Hi! Thank you for your great work! I have evaluated the ResNetDCT_Upscaled_Static with your pretrained parameters successfully. But I cannot evaluate the "mobilenetv2dct_upscaled_subset" with your pretrained parameters (mobilenetv2dct_upscaled_static_24/32). Because the parameters do not match the model you define. Actually, there is not anyone model matching with your pretrained parameters. Did I miss something? I'm looking forward to your reply!

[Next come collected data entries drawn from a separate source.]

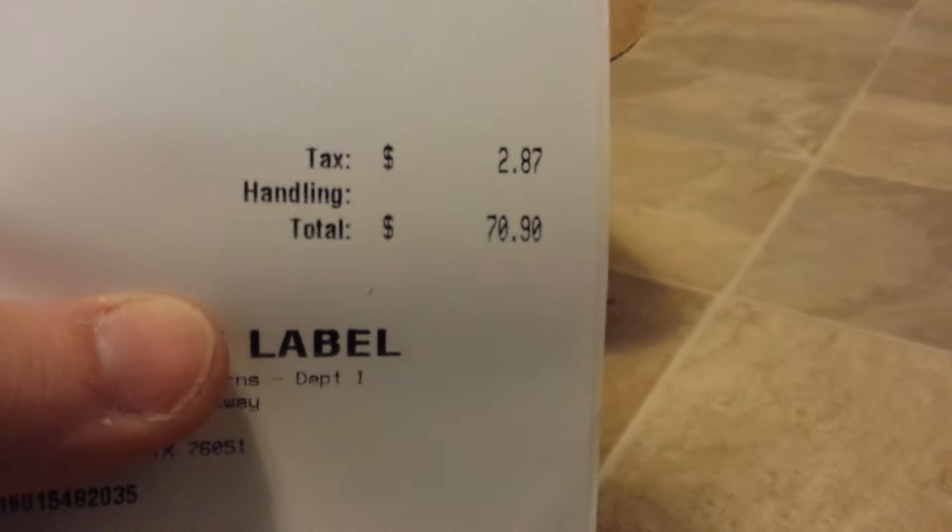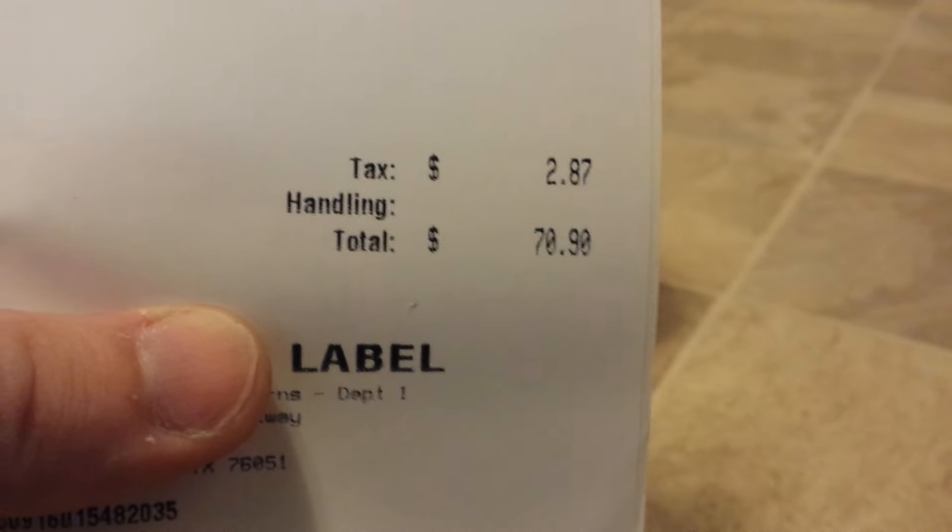Got my slip here. And that's why I paid for it. Got my Chrono Trigger for Super Nintendo.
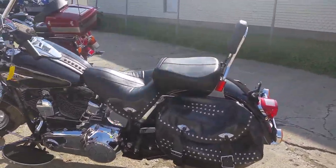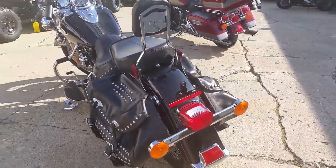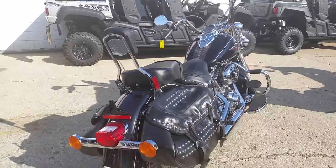Today at Approval Power Sports we got a 2014 Harley Davidson Heritage Softail Classic for sale with only 4,950 miles. This one is not even broken in yet.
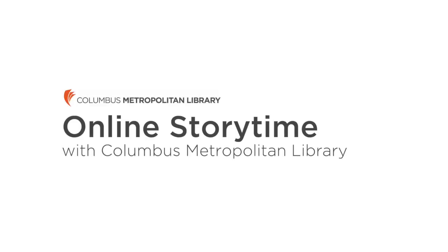Good morning everybody and welcome to Online Storytime with the Columbus Metropolitan Library. My name is Miss Eleanor and some of you guys might recognize me from the Shepherd Branch. So today we are gonna be reading a really fun story about an animal that goes ribbit, ribbit. Can anybody guess what we're gonna be talking about today? That's right — frogs!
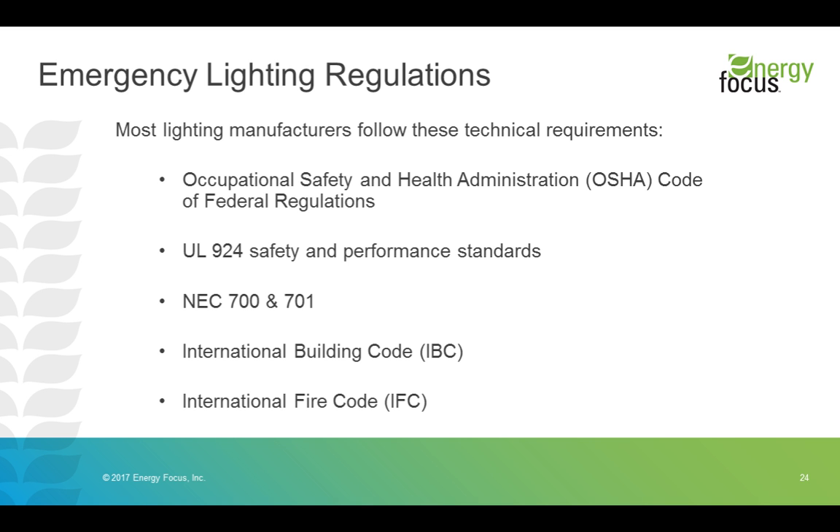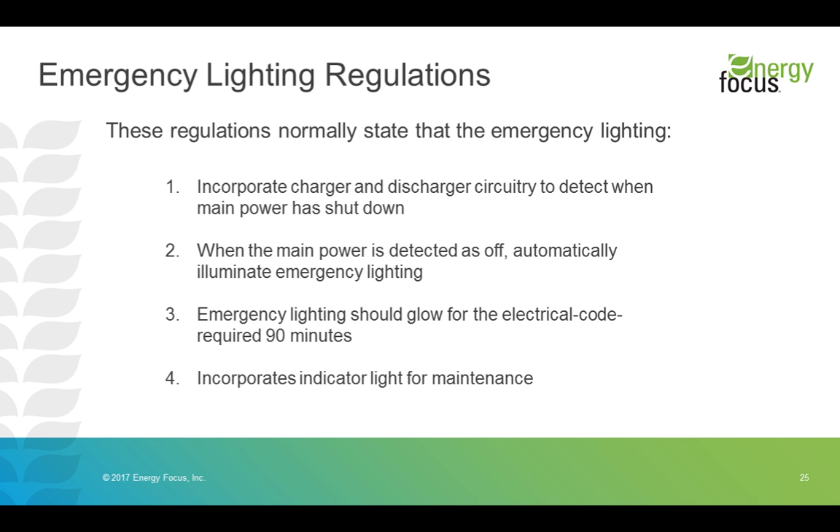The top four things that most regulatory agencies require are: first, circuitry to detect that main power is off; second, that it will automatically illuminate in emergency situations once detected; third, that it functions for 90 minutes on its own power source; and fourth, an indicator light for maintenance. Our indicator light communicates several failure modes, mostly centered around ensuring the health of the batteries and that they are being properly charged.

RuntimeError: Error(s) in loading state_dict for MobileNetV2DCT_Upscaled_Subset: Missing key(s) in state_dict: "upconv_y.0.weight", "upconv_y.1.weight", "upconv_y.1.bias", "upconv_y.1.running_mean", "upconv_y.1.running_var", "upconv_cb.0.weight", "upconv_cb.2.weight", "upconv_cb.2.bias", "upconv_cb.2.running_mean", "upconv_cb.2.running_var", "upconv_cr.0.weight", "upconv_cr.2.weight", "upconv_cr.2.bias", "upconv_cr.2.running_mean", "upconv_cr.2.running_var". size mismatch for features.0.conv.0.weight: copying a param with shape torch.Size([24, 1, 3, 3]) from checkpoint, the shape in current model is torch.Size([32, 1, 3, 3]). size mismatch for features.0.conv.1.weight: copying a param with shape torch.Size([24]) from checkpoint, the shape in current model is torch.Size([32]). size mismatch for features.0.conv.1.bias: copying a param with shape torch.Size([24]) from checkpoint, the shape in current model is torch.Size([32]). size mismatch for features.0.conv.1.running_mean: copying a param with shape torch.Size([24]) from checkpoint, the shape in current model is torch.Size([32]). size mismatch for features.0.conv.1.running_var: copying a param with shape torch.Size([24]) from checkpoint, the shape in current model is torch.Size([32]). size mismatch for features.0.conv.3.weight: copying a param with shape torch.Size([16, 24, 1, 1]) from checkpoint, the shape in current model is torch.Size([16, 32, 1, 1]).
Excuse me, where can I download the available pre training weights?